--- START ---

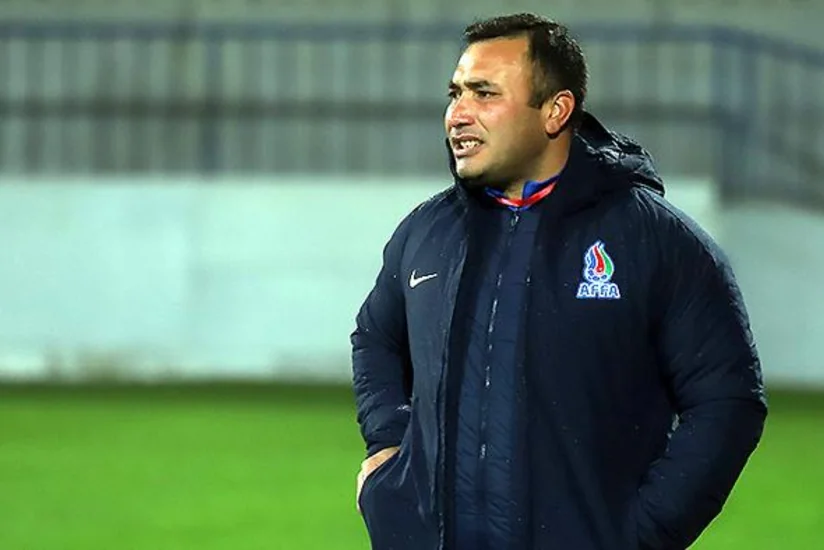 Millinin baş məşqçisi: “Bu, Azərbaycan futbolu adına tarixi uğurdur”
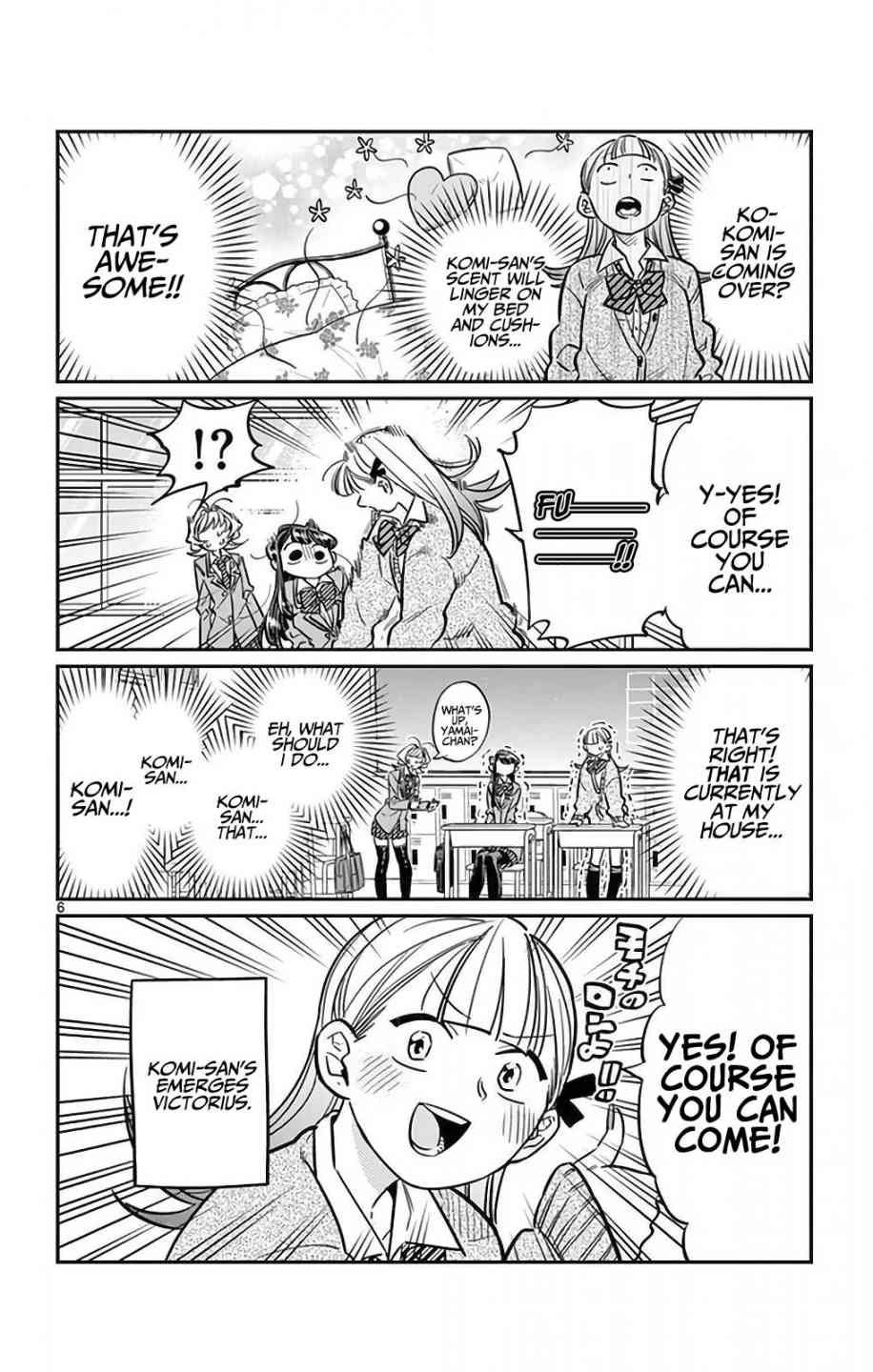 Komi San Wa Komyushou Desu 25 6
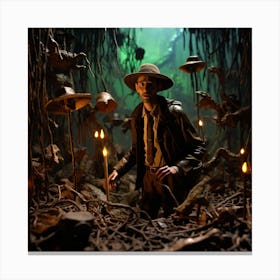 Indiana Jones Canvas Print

--- END ---

#### [What needs to be done]
What you print must be exactly the lines from the one containing "Komi San Wa Komyushou Desu 25 6" through the last line of the material, and no pictures.

#### [Your response]
 Komi San Wa Komyushou Desu 25 6
 Indiana Jones Canvas Print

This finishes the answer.